*BRIEF*:
Would you copy the listing below exactly, keeping the pictures out?

*EXTRACTED INFORMATION*:
/---
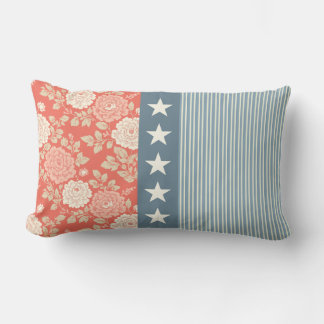 Coussin Rectangle Rouge Blanc Bleu Rayure Impression de Bloc Étoiles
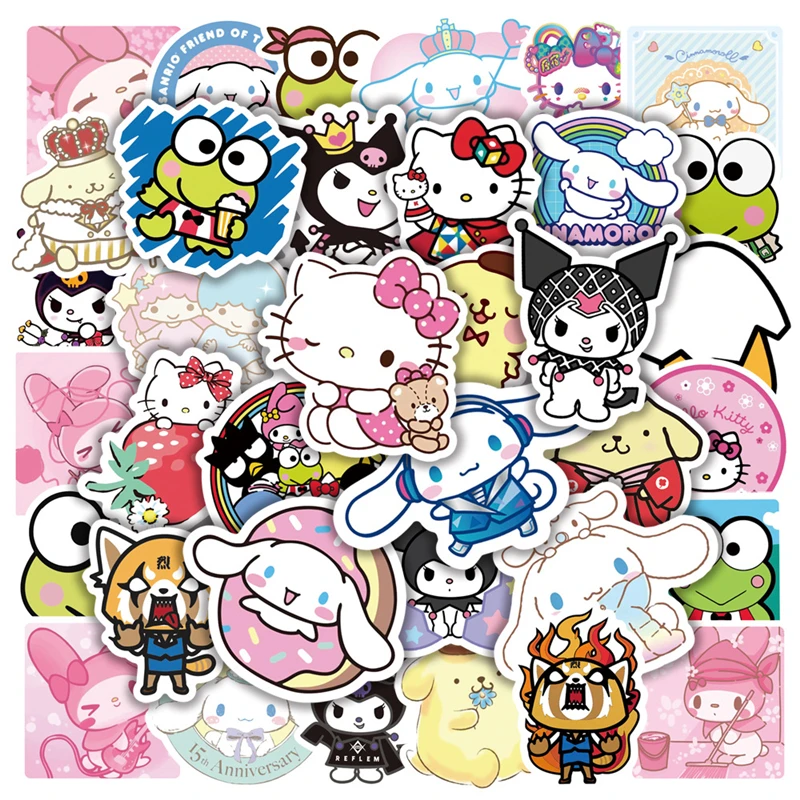 50pcs Sanrio Stickers Hello Kitty Kuromi My Melody Sticker Kawaii Sticker  Pack Laptop Skin Toys for Girls Cute Anime Stickers - Realistic Reborn  Dolls for Sale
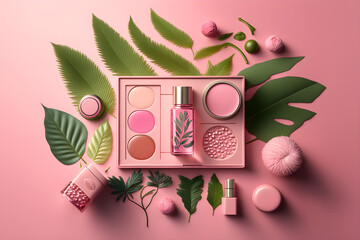 Fototapeta na wymiar cosmetics pink background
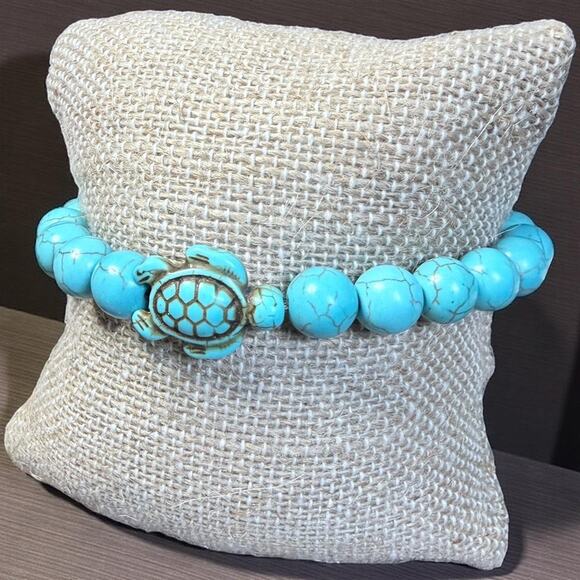 Turquoise Stretch Turtle Bracelet New - Picture 1 of 3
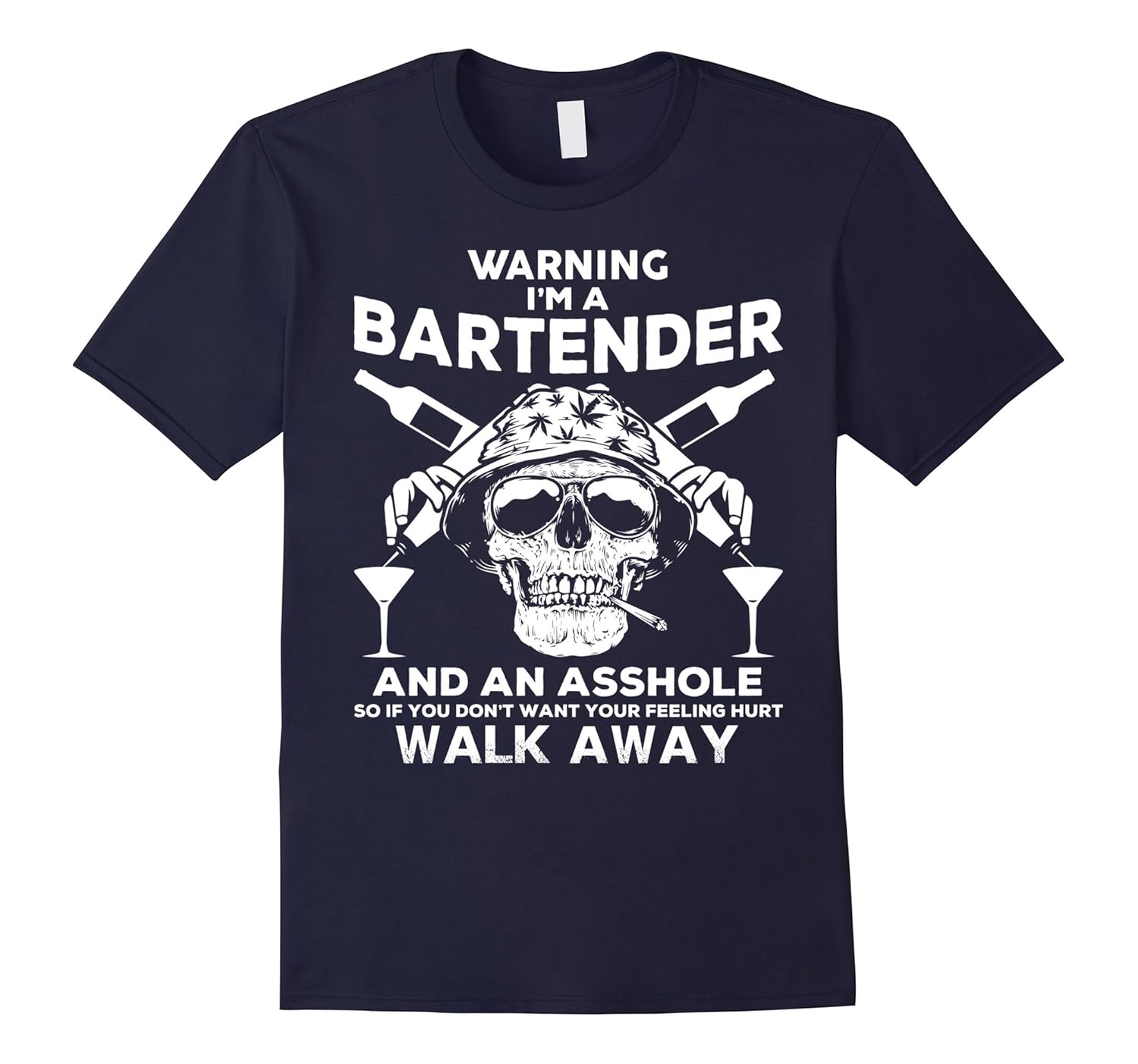 Mens Funny Bartender Shirt Skull Graphic Bartender Gift-Rose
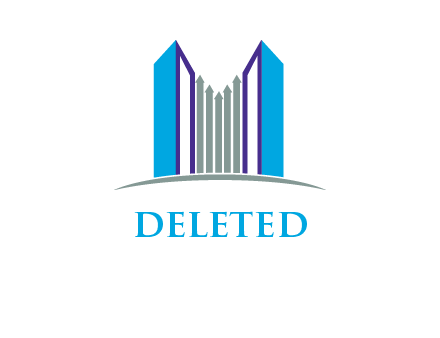 building with arrows logo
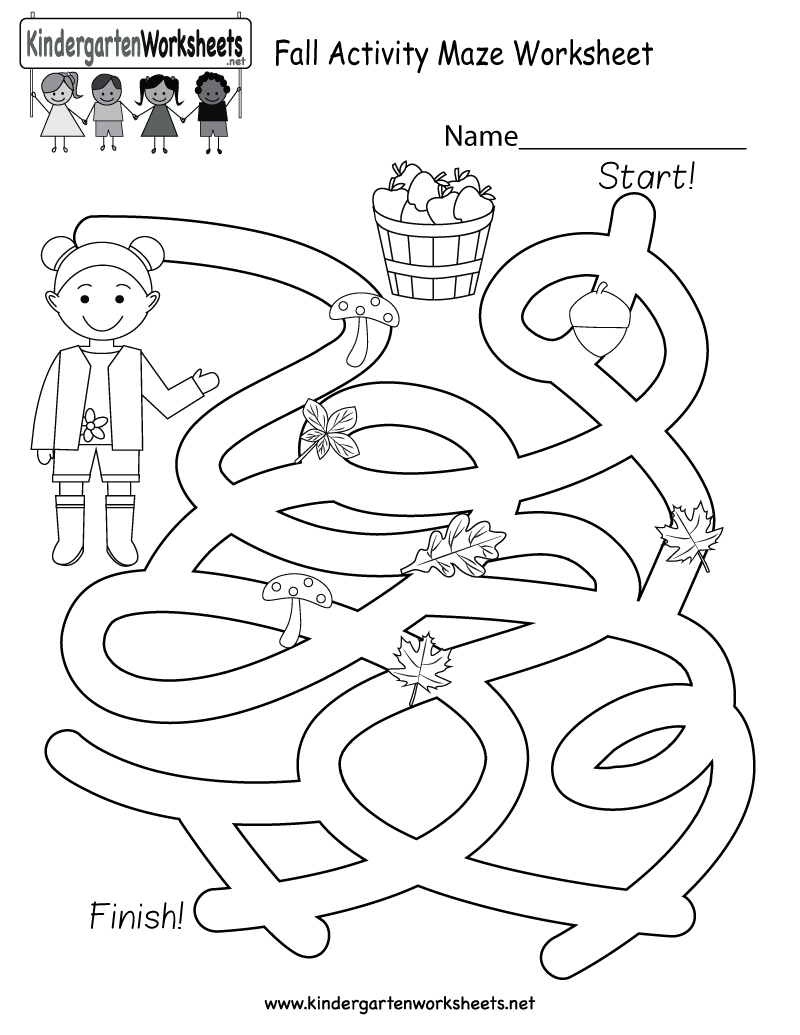 Fall Activity Maze Worksheet  Free Kindergarten Seasonal Worksheet Or Fall Worksheets For Kindergarten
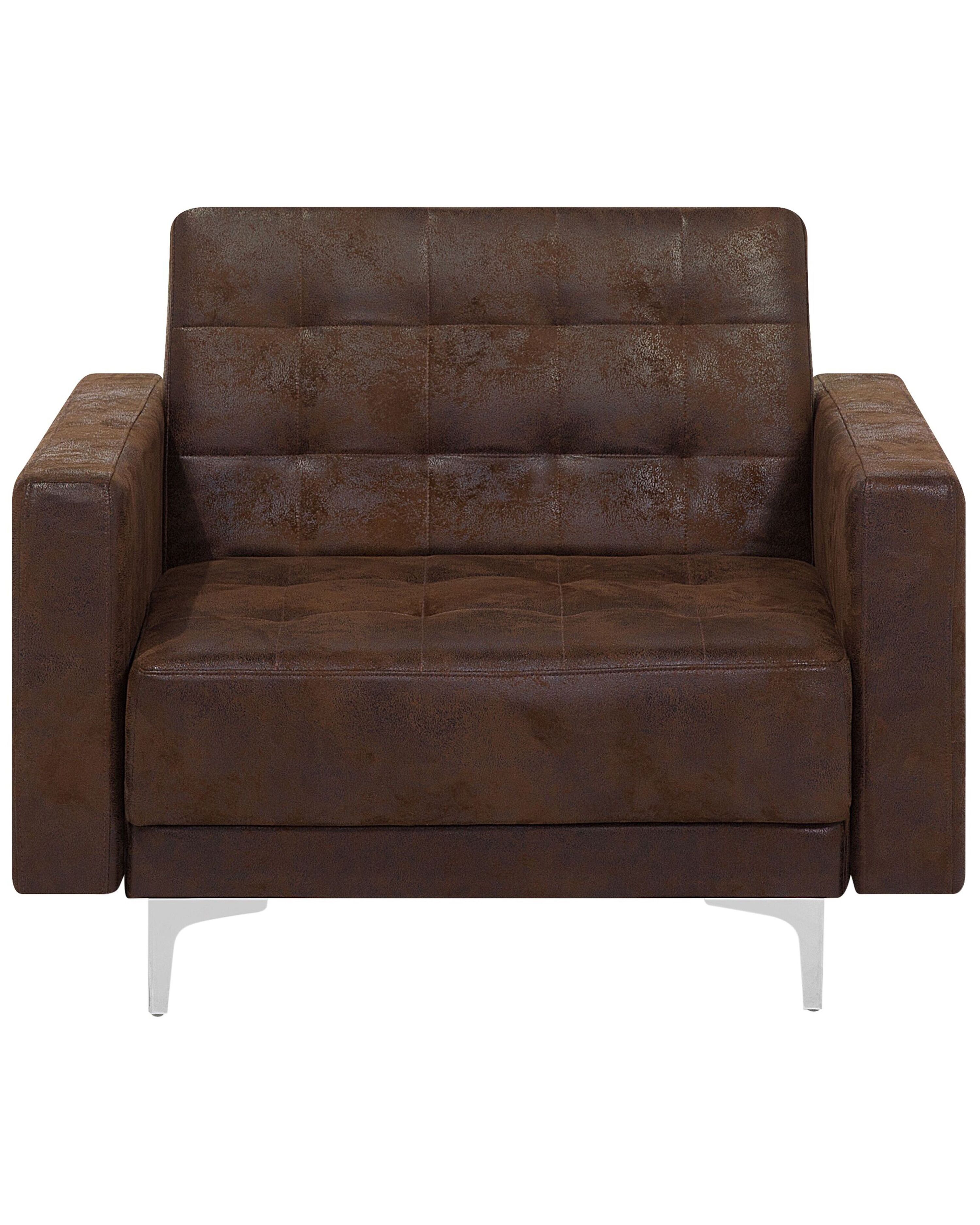 Fotel ekoskóra brązowy ABERDEEN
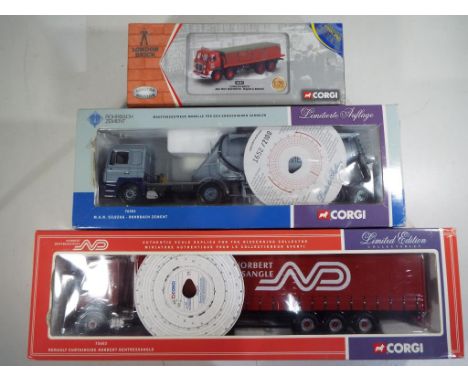 Corgi - three 1:50 scale trucks, reference numbers 75603, 76301 and 26401, all models have certificates and are in mint condi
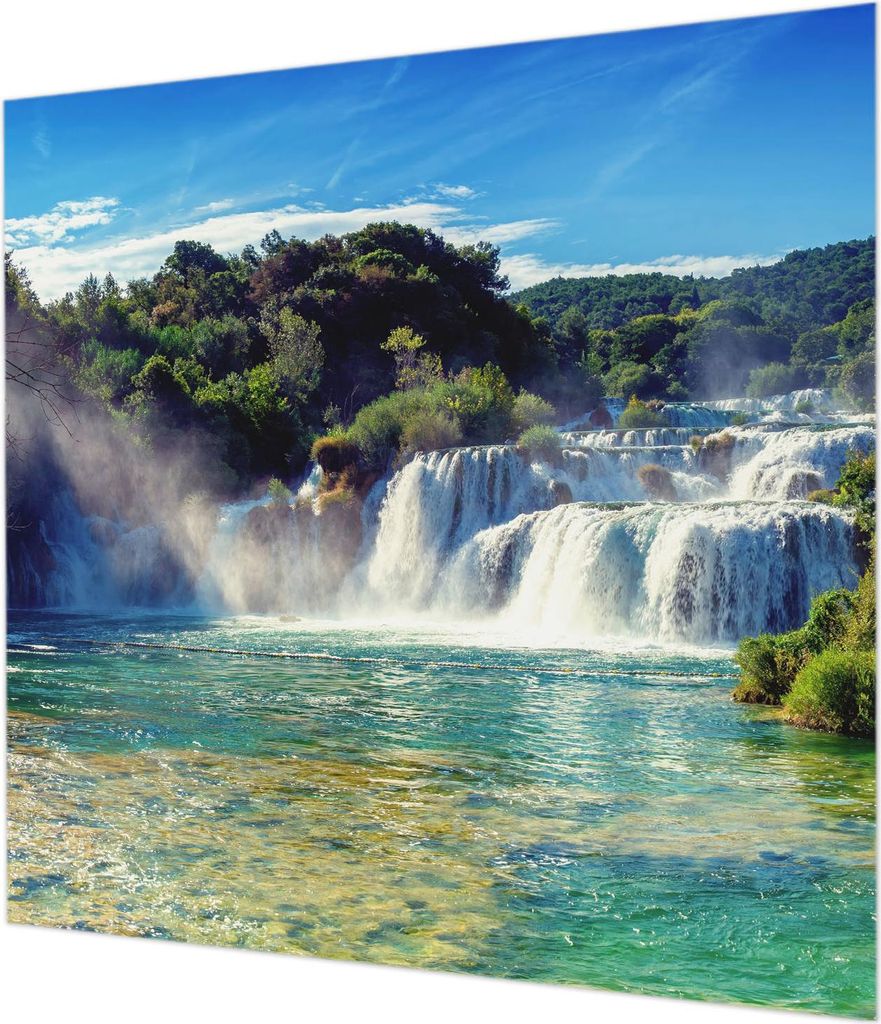 Wandtapete - Dekorative Tapete für Wohnzimmer - Tapetenfolie für Wanddekoration - 250x250 cm - Wasserfalllandschaft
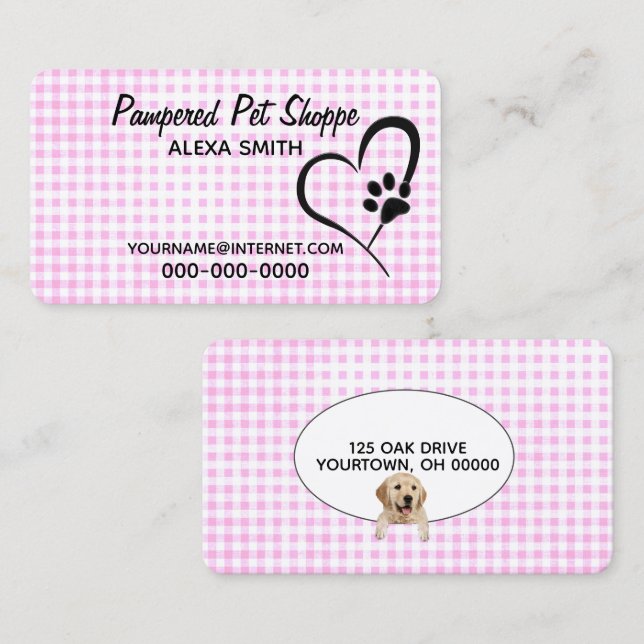 Paw Print on Gingham Pet Grooming Visitkort (Fram/baksida)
\---
*TASK SOLUTION*:
 Coussin Rectangle Rouge Blanc Bleu Rayure Impression de Bloc Étoiles
 50pcs Sanrio Stickers Hello Kitty Kuromi My Melody Sticker Kawaii Sticker  Pack Laptop Skin Toys for Girls Cute Anime Stickers - Realistic Reborn  Dolls for Sale
 Fototapeta na wymiar cosmetics pink background
 Turquoise Stretch Turtle Bracelet New - Picture 1 of 3
 Mens Funny Bartender Shirt Skull Graphic Bartender Gift-Rose
 building with arrows logo
 Fall Activity Maze Worksheet  Free Kindergarten Seasonal Worksheet Or Fall Worksheets For Kindergarten
 Fotel ekoskóra brązowy ABERDEEN
 Corgi - three 1:50 scale trucks, reference numbers 75603, 76301 and 26401, all models have certificates and are in mint condi
 Wandtapete - Dekorative Tapete für Wohnzimmer - Tapetenfolie für Wanddekoration - 250x250 cm - Wasserfalllandschaft
 Paw Print on Gingham Pet Grooming Visitkort (Fram/baksida)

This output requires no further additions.